El Departamento del Tesoro de Estados Unidos anunció este martes sanciones contra una empresa estatal venezolana que fabrica drones, así como contra otras compañías e individuos que, según Washington, están involucrados en el comercio de armas entre Irán y Venezuela.
Las autoridades estadounidenses sostienen que la Empresa Aeronáutica Nacional S.A. (EANSA), creada en 2020, mantiene y supervisa el ensamblaje de drones de la serie Mohajer, "contribuyendo a la venta por un valor de millones de dólares" a la firma iraní Qods Aviation Industries, sancionada previamente por EE.UU.
El Tesoro agrega que EANSA mantiene drones operados por la Fuerza Armada de Venezuela, como el Mohajer-2, denominado localmente ANSU-100, "capaz de lanzar bombas guiadas aire-tierra Qaem de diseño iraní". También resultó sancionado el presidente de la compañía, José Jesús Urdaneta González, quien, según Washington, "ha coordinado con miembros y representantes de las fuerzas armadas venezolanas e iraníes la producción de vehículos aéreos no tripulados en Venezuela".
"El Tesoro responsabiliza a Irán y Venezuela por su agresiva y temeraria proliferación de armas letales en todo el mundo", dijo en un comunicado John K. Hurley, subsecretario del Tesoro para Terrorismo e Inteligencia Financiera. "Seguiremos tomando medidas rápidas para privar a quienes permiten que el complejo militar-industrial iraní acceda al sistema financiero estadounidense", agregó.
Las sanciones anunciadas también alcanzan a varias firmas e individuos iraníes ligados a la industria militar y, especialmente, al suministro de insumos para misiles. La medida, que se suma a la campaña de presión de Washington sobre Caracas, implica el bloqueo de todos los bienes de los sancionados en EE.UU. y prohíbe a los ciudadanos estadounidenses efectuar cualquier transacción con ellos.
Hace dos semanas, el Tesoro estadounidense sancionó a varios miembros de la familia de Maduro y a varios buques que, según afirma, transportan petróleo venezolano.
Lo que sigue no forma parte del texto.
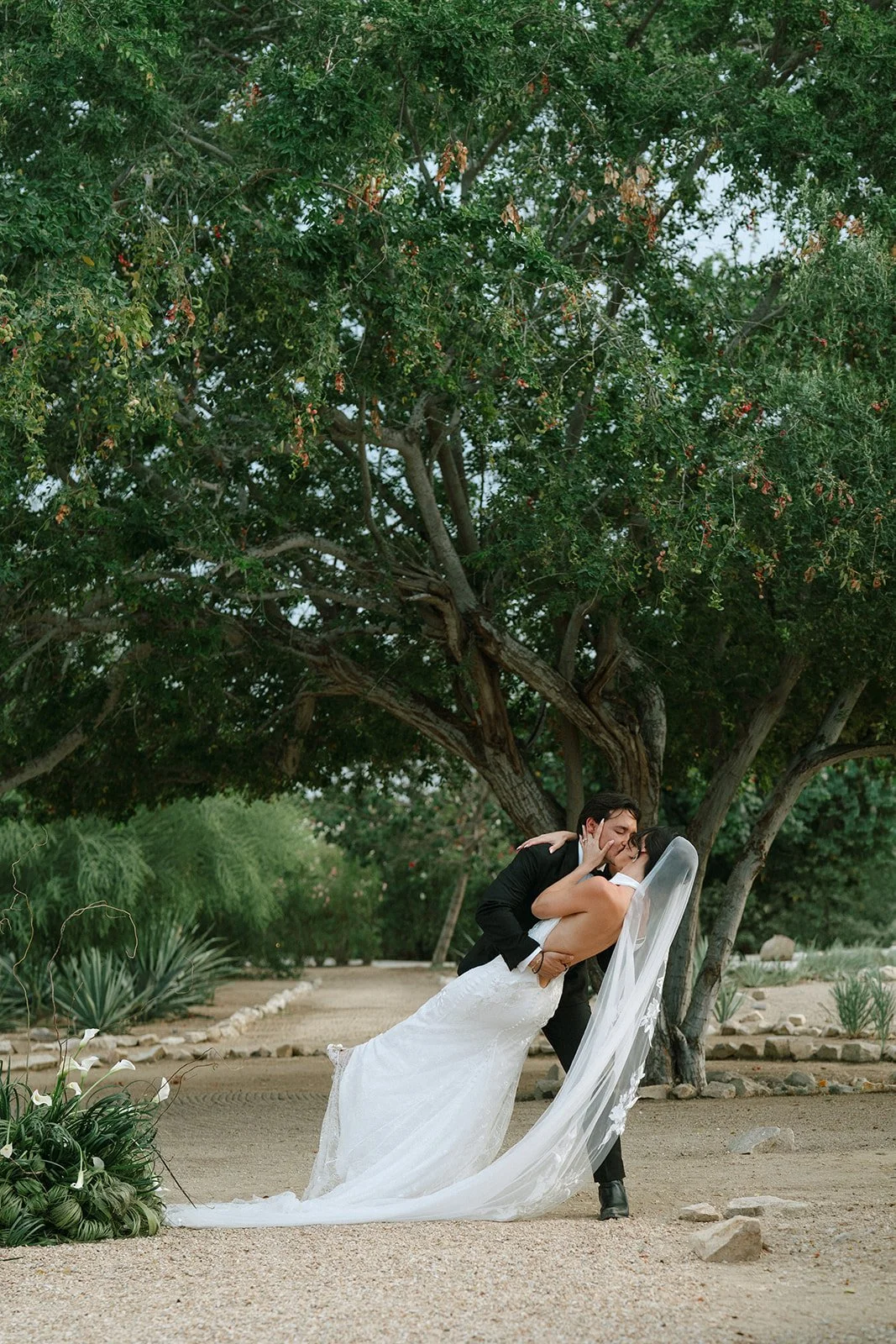 mcwphotocinema_francesca&adan_sneakpeek-50_websize.jpg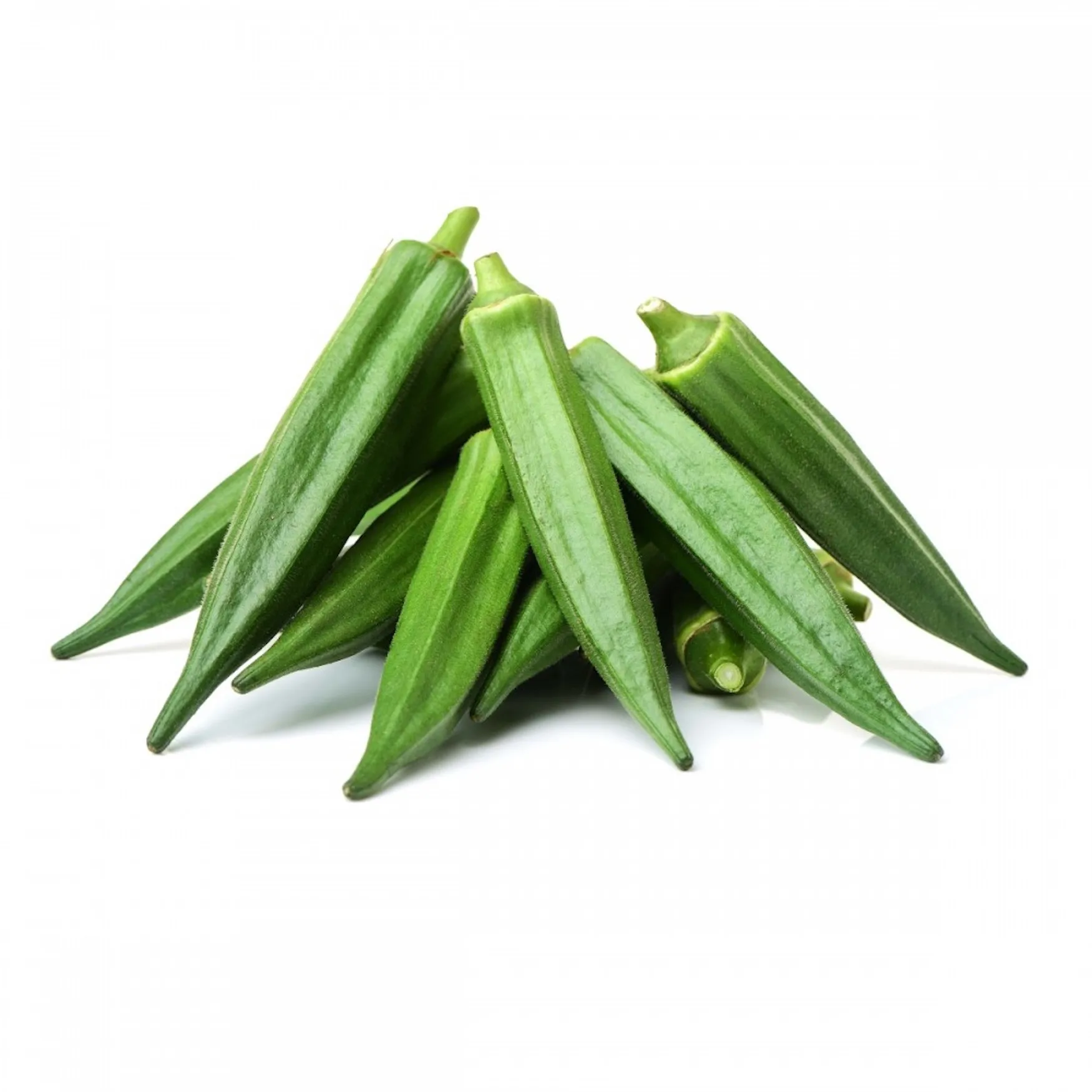 okra10.jpg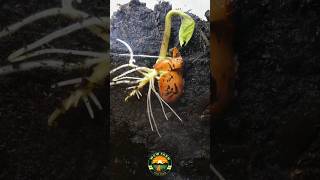 seeds growing time lapse video growingseeds amazing satisfying farming shortsfeed [upl. by Ilbert]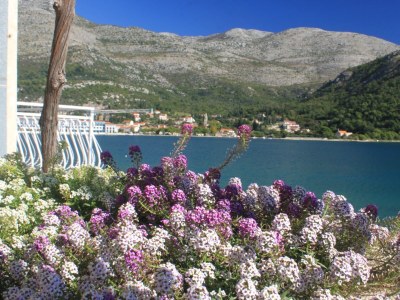 Apartment Two bedroom apartment near beach Slano, Dubrovnik A-8741-a - Outdoor photo 12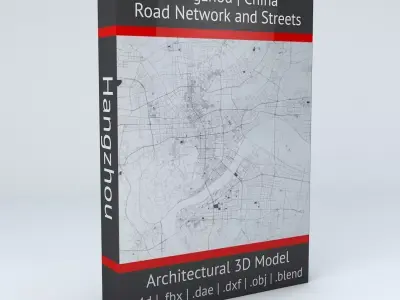 Hangzhou Road Network and Streets 3D model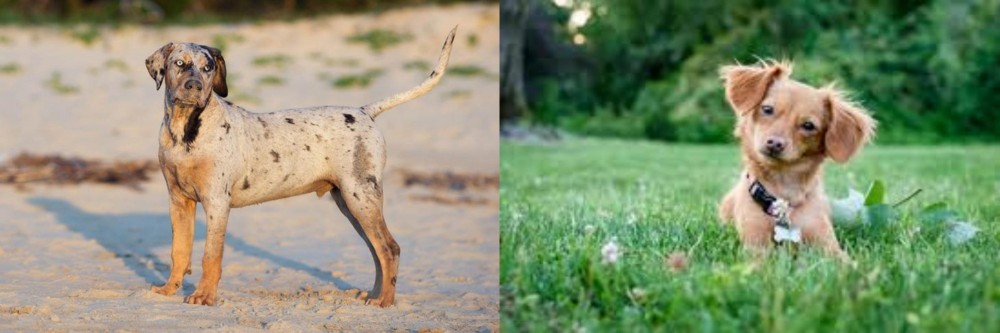 Chiweenie vs Catahoula Cur - Breed Comparison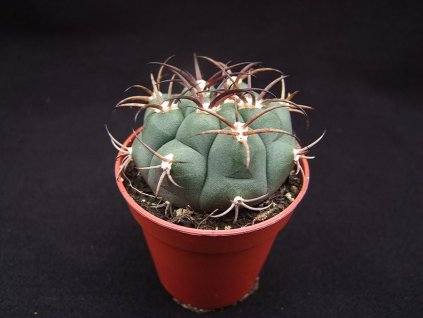 Gymnocalycium zegarae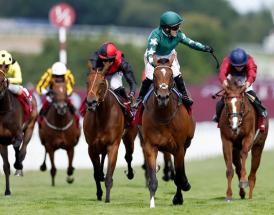 Horses To Follow Throughout The 2024 Flat Season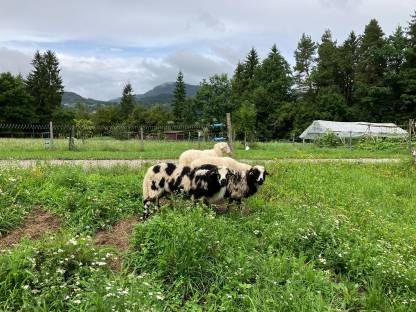 Bild 2:4 Böcke Krainer Steinschafe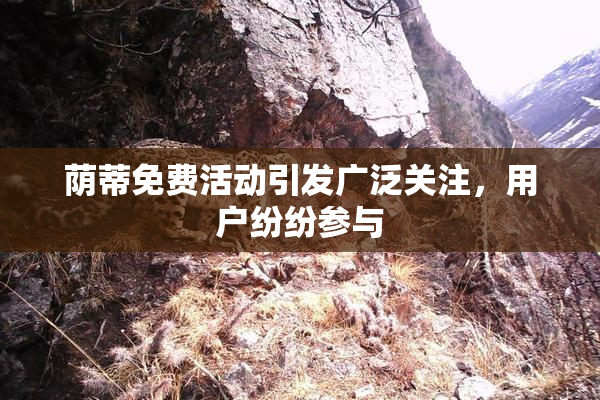 荫蒂免费活动引发广泛关注，用户纷纷参与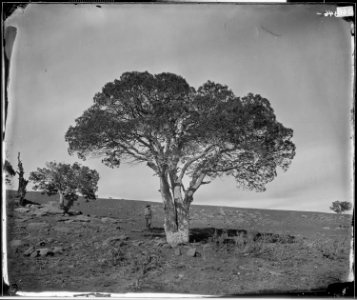 Oak Grove, White Mountains, Sierra Blanca, Arizona. Tree. - NARA - 524297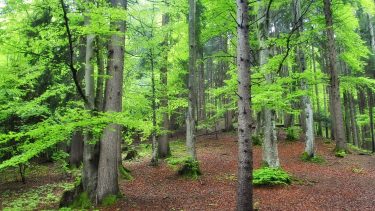 erdő Dél-Magyarországon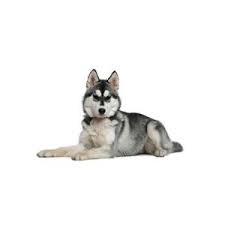 One way to determine the ancestry of your mixed breed is through a dna test. Siberian Husky Puppies Petland Jacksonville Florida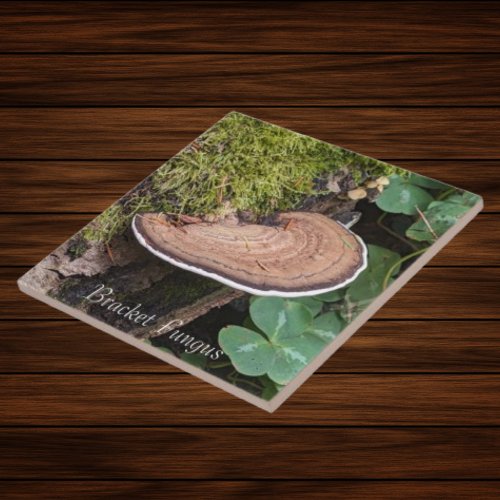 Bracket Fungus Nature Photo Ceramic Tile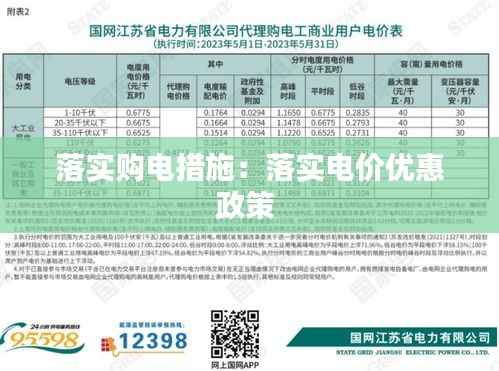 落实购电措施:落实电价优惠政策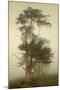 Cypress Symmetry-David Lorenz Winston-Mounted Art Print
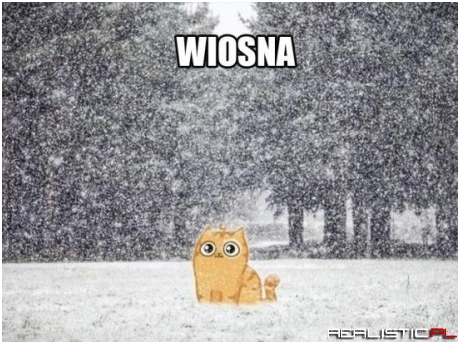 Taka wiosna...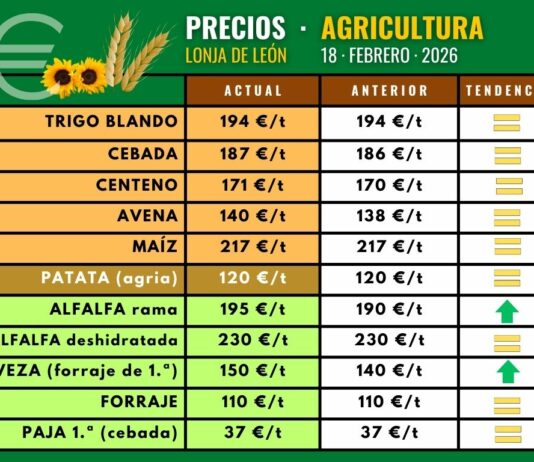 Suben la veza y la alfalfa en rama en la lonja de León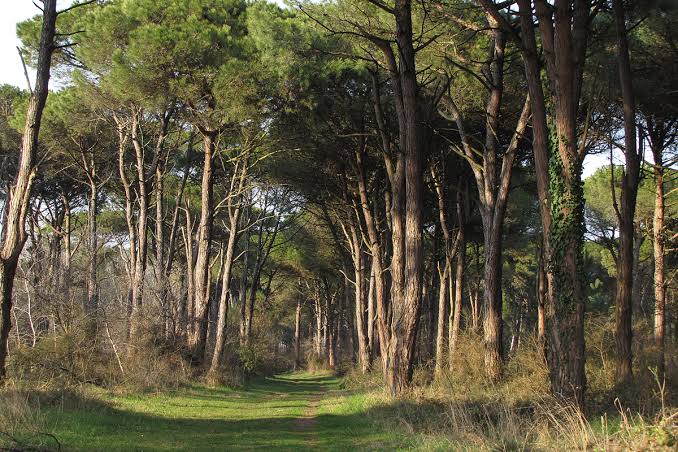 la città con la pineta più bella d'Italia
Tras la incautación de dos naves petroleras, el Gobierno de Venezuela afirmó que Irán, su aliado, ofreció su ayuda para "enfrentar la piratería" de EE.UU.
La decisión de imponer estas sanciones se enmarca en la campaña de presión que Washington mantiene sobre el Gobierno de Nicolás Maduro, al que acusa de mantener vínculos con Irán y de participar en actividades relacionadas con la proliferación de armas. Esta nueva ronda de medidas restrictivas busca limitar aún más el acceso de Venezuela al sistema financiero internacional y dificultar sus operaciones comerciales.